IF-free conception.

K

Keith Thompson

Evgeney Knyazhev said:
#include <algorithm> [...]
printf("Start std::sort\n");
start = clock();
std::sort(array2sort, array2sort+N0fItems);
stop = clock();
printf("std::sort: %ld ticks (%f msec)\n", stop-start, (1000.0*(stop-
start)/CLOCKS_PER_SEC));
[...]

Eveney, seriously, what part of the name "comp.lang.c" do you
not understand? There's an active comp.lang.c++ newsgroup.
Your articles might be considered off-topic there as well, for
different reasons, but why would you post C++ code in a newsgroup
dedicated to discussing C? They're two different languages.
 
Ö

Öö Tiib

[...]
Yes. Or for code-generator that is specially for GPU. It is anyway
worthy idea to discuss ... even with C++ for Windows examples.

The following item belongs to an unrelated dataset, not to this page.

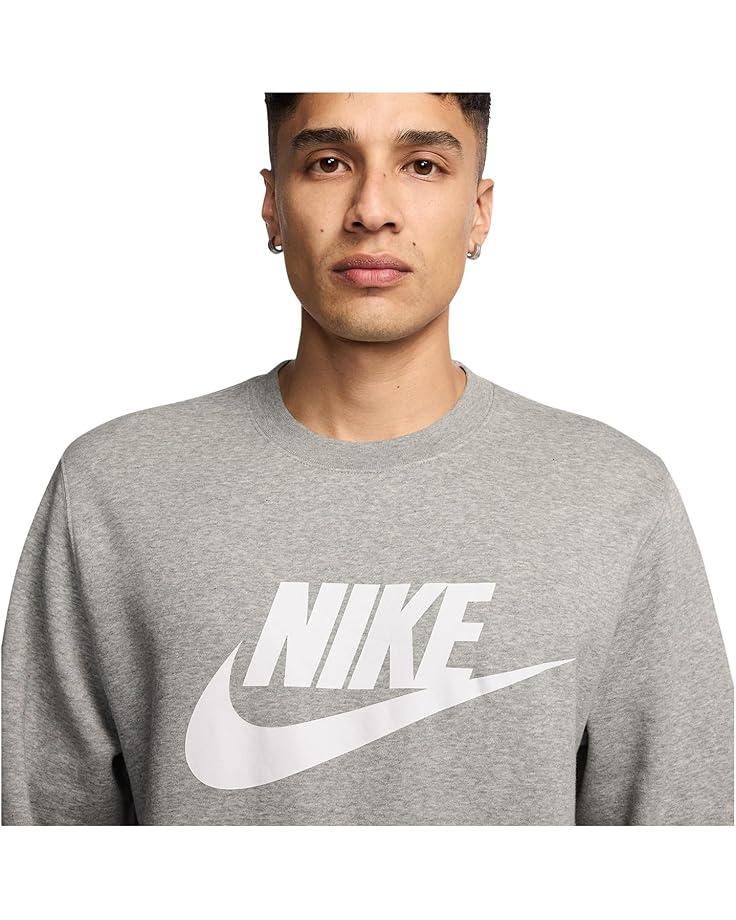 Sportswear Long Sleeve Tee Icon Futura Product Image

Examples using Windows-specific C++ code may well be worthy of
discussion -- but not here, please.

Most of his code is written in C. C++ is used to compare timings with
C++ standard library. Parts of C++ standard library work more
efficiently than anything in standard C ... so dodging such benchmarks
equals hiding your head under sand.
 
K

Keith Thompson

Evgeney Knyazhev said:
Ian, you say about qsort? :D qsort can be faster than heap-sort, but
qsort ain't stable -- some data throws it to quadratic. i'm supporter
of stable sorts :D

C's qsort function doesn't necessarily use the QuickSort algorithm.
 
K

Keith Thompson

Öö Tiib said:
[...]
Yes. Or for code-generator that is specially for GPU. It is anyway
worthy idea to discuss ... even with C++ for Windows examples.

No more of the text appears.